如何用Flink CEP实现暴力登录与端口扫描攻击的检测模式

阿华AIGC实验室

2026-5-9

Hey there, let's break down how to implement brute-force login and port scan detection using Apache Flink CEP for your log ingestion scenario. Unlike simple constant matches you might have seen before, these rely on grouped, time-windowed pattern counting—which is exactly where Flink CEP shines for behavioral threat detection.

Requirements

Trigger an alert when the same username generates 5 or more "login failure" events within a 5-minute window.

Implementation Steps & Code

First, define a POJO to model your login events (adjust fields to match your actual log structure):

public class LoginEvent {
    private String username;
    private String eventType; // Expected values: "login failure" / "login success"
    private long timestamp;

    // Constructors, getters, setters
}

Next, build the CEP pattern to track repeated failures for a single user:

import org.apache.flink.cep.Pattern;
import org.apache.flink.cep.PatternStream;
import org.apache.flink.cep.functions.PatternSelectFunction;
import org.apache.flink.streaming.api.datastream.DataStream;
import org.apache.flink.streaming.api.windowing.time.Time;
import java.util.ArrayList;
import java.util.List;

// Build the brute-force detection pattern
Pattern<LoginEvent, LoginEvent> bruteForcePattern = Pattern
    .<LoginEvent>begin("first_failure")
    .where(evt -> "login failure".equals(evt.getEventType()))
    .next("subsequent_failures")
    .where(evt -> "login failure".equals(evt.getEventType()))
    .timesOrMore(4) // Total failures = 1 (from begin) + 4+ (from next) = 5+
    .within(Time.minutes(5))
    .consecutive(); // Optional: Ensures failures are consecutive (no success events in between)

// Apply pattern to your log stream
DataStream<LoginEvent> loginLogStream = ...; // Replace with your source (Kafka, etc.)
PatternStream<LoginEvent> bruteForcePatternStream = CEP.pattern(
    loginLogStream.keyBy(LoginEvent::getUsername), // Group events by username
    bruteForcePattern
);

// Generate alerts from matched patterns
DataStream<String> bruteForceAlerts = bruteForcePatternStream.select(
    (PatternSelectFunction<LoginEvent, String>) pattern -> {
        List<LoginEvent> allFailures = new ArrayList<>(pattern.get("first_failure"));
        allFailures.addAll(pattern.get("subsequent_failures"));
        
        String username = allFailures.get(0).getUsername();
        long start = allFailures.get(0).getTimestamp();
        long end = allFailures.get(allFailures.size() - 1).getTimestamp();
        
        return String.format("[BRUTE-FORCE ALERT] Username '%s' failed to login %d times between %d and %d",
            username, allFailures.size(), start, end);
    }
);

Key Notes

keyBy(LoginEvent::getUsername) ensures we only track failures for individual users.
timesOrMore(4) accounts for the initial "first_failure" event, so total failures hit 5+.
Remove .consecutive() if you want to count failures even if there are successful logins in between (adjust based on your threat model).

2. Port Scan Detection

Requirements

Trigger an alert when the same source IP accesses 10 or more unique destination ports within a 1-minute window.

Implementation Options

Flink offers two solid approaches here—CEP for pattern tracking, or window aggregation for simpler counting.

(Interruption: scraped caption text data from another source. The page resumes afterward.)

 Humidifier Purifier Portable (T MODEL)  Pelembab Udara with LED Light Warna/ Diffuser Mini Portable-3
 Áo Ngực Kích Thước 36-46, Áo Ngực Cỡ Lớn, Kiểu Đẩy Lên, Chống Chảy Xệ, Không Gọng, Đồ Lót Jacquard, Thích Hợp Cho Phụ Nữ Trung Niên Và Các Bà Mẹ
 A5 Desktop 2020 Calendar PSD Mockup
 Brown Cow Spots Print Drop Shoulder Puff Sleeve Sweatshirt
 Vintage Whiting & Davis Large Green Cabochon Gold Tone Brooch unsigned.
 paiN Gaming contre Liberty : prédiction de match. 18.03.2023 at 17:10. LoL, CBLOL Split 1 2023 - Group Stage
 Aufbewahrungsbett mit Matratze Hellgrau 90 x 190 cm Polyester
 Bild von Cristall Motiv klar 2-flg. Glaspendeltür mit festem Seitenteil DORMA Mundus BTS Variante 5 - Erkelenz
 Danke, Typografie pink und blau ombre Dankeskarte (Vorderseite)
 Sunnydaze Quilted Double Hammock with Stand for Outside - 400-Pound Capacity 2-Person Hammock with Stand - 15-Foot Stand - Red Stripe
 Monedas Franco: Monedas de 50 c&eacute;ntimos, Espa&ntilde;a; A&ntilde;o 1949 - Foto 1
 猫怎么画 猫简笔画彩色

Let's cover both:

Option 1: Using Flink CEP

First, define your port event POJO:

public class PortAccessEvent {
    private String sourceIp;
    private int destPort;
    private long timestamp;

    // Constructors, getters, setters
}

Build the CEP pattern to track unique ports per IP:

import org.apache.flink.cep.conditions.IterativeCondition;
import org.apache.flink.cep.Pattern;
import org.apache.flink.streaming.api.windowing.time.Time;
import java.util.ArrayList;
import java.util.List;
import java.util.Set;
import java.util.stream.Collectors;

Pattern<PortAccessEvent, PortAccessEvent> portScanPattern = Pattern
    .<PortAccessEvent>begin("first_scan")
    .followedByAny("subsequent_scans") // Allow any order of events in the window
    .within(Time.minutes(1))
    .with(new IterativeCondition<PortAccessEvent>() {
        @Override
        public boolean filter(PortAccessEvent currentEvent, Context<PortAccessEvent> ctx) throws Exception {
            // Collect all matched events for the current IP
            List<PortAccessEvent> allScans = new ArrayList<>(ctx.getEventsForPattern("first_scan"));
            allScans.addAll(ctx.getEventsForPattern("subsequent_scans"));
            allScans.add(currentEvent);
            
            // Count unique destination ports
            Set<Integer> uniquePorts = allScans.stream()
                .map(PortAccessEvent::getDestPort)
                .collect(Collectors.toSet());
            
            // Trigger alert when unique ports reach 10
            return uniquePorts.size() >= 10;
        }
    });

// Apply pattern to your port log stream
DataStream<PortAccessEvent> portLogStream = ...; // Replace with your source
PatternStream<PortAccessEvent> portScanPatternStream = CEP.pattern(
    portLogStream.keyBy(PortAccessEvent::getSourceIp), // Group by source IP
    portScanPattern
);

// Generate alerts
DataStream<String> portScanAlerts = portScanPatternStream.select(
    (PatternSelectFunction<PortAccessEvent, String>) pattern -> {
        List<PortAccessEvent> allScans = new ArrayList<>(pattern.get("first_scan"));
        allScans.addAll(pattern.get("subsequent_scans"));
        
        String sourceIp = allScans.get(0).getSourceIp();
        Set<Integer> uniquePorts = allScans.stream()
            .map(PortAccessEvent::getDestPort)
            .collect(Collectors.toSet());
        long windowStart = allScans.stream().mapToLong(PortAccessEvent::getTimestamp).min().getAsLong();
        
        return String.format("[PORT SCAN ALERT] IP '%s' scanned %d unique ports starting at %d",
            sourceIp, uniquePorts.size(), windowStart);
    }
);

Option 2: Using Window Aggregation (More Efficient for Counting)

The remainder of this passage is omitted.